PROBLEM TO SOLVE => The full set of entries has to be output exactly.

-- Opening Marker --

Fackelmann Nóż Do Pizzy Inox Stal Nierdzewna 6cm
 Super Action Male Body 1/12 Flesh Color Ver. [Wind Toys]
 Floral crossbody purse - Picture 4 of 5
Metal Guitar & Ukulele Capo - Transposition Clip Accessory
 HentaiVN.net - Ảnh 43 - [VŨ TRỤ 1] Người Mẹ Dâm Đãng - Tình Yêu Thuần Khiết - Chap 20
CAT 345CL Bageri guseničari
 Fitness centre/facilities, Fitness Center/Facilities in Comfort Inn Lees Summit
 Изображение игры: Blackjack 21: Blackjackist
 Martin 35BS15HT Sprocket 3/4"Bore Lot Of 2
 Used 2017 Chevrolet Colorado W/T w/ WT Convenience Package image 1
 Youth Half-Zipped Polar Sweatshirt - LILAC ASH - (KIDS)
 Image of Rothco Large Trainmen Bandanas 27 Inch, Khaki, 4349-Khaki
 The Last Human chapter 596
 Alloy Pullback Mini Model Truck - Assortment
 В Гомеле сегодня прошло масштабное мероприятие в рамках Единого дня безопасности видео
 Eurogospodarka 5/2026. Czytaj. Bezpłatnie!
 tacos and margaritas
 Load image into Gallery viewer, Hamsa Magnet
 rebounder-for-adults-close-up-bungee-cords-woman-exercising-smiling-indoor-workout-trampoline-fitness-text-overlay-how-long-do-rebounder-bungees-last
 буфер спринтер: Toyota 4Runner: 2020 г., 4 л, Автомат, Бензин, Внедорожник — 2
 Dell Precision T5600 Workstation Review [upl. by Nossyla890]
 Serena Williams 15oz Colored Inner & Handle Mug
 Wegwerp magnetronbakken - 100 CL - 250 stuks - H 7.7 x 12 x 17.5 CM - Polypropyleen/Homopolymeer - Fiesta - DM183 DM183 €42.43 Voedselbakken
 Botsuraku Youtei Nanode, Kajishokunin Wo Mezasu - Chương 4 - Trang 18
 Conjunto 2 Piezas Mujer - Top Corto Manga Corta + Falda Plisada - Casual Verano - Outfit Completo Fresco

-- Closing Marker --

TASK ANSWER =>
Fackelmann Nóż Do Pizzy Inox Stal Nierdzewna 6cm
 Super Action Male Body 1/12 Flesh Color Ver. [Wind Toys]
 Floral crossbody purse - Picture 4 of 5
Metal Guitar & Ukulele Capo - Transposition Clip Accessory
 HentaiVN.net - Ảnh 43 - [VŨ TRỤ 1] Người Mẹ Dâm Đãng - Tình Yêu Thuần Khiết - Chap 20
CAT 345CL Bageri guseničari
 Fitness centre/facilities, Fitness Center/Facilities in Comfort Inn Lees Summit
 Изображение игры: Blackjack 21: Blackjackist
 Martin 35BS15HT Sprocket 3/4"Bore Lot Of 2
 Used 2017 Chevrolet Colorado W/T w/ WT Convenience Package image 1
 Youth Half-Zipped Polar Sweatshirt - LILAC ASH - (KIDS)
 Image of Rothco Large Trainmen Bandanas 27 Inch, Khaki, 4349-Khaki
 The Last Human chapter 596
 Alloy Pullback Mini Model Truck - Assortment
 В Гомеле сегодня прошло масштабное мероприятие в рамках Единого дня безопасности видео
 Eurogospodarka 5/2026. Czytaj. Bezpłatnie!
 tacos and margaritas
 Load image into Gallery viewer, Hamsa Magnet
 rebounder-for-adults-close-up-bungee-cords-woman-exercising-smiling-indoor-workout-trampoline-fitness-text-overlay-how-long-do-rebounder-bungees-last
 буфер спринтер: Toyota 4Runner: 2020 г., 4 л, Автомат, Бензин, Внедорожник — 2
 Dell Precision T5600 Workstation Review [upl. by Nossyla890]
 Serena Williams 15oz Colored Inner & Handle Mug
 Wegwerp magnetronbakken - 100 CL - 250 stuks - H 7.7 x 12 x 17.5 CM - Polypropyleen/Homopolymeer - Fiesta - DM183 DM183 €42.43 Voedselbakken
 Botsuraku Youtei Nanode, Kajishokunin Wo Mezasu - Chương 4 - Trang 18
 Conjunto 2 Piezas Mujer - Top Corto Manga Corta + Falda Plisada - Casual Verano - Outfit Completo Fresco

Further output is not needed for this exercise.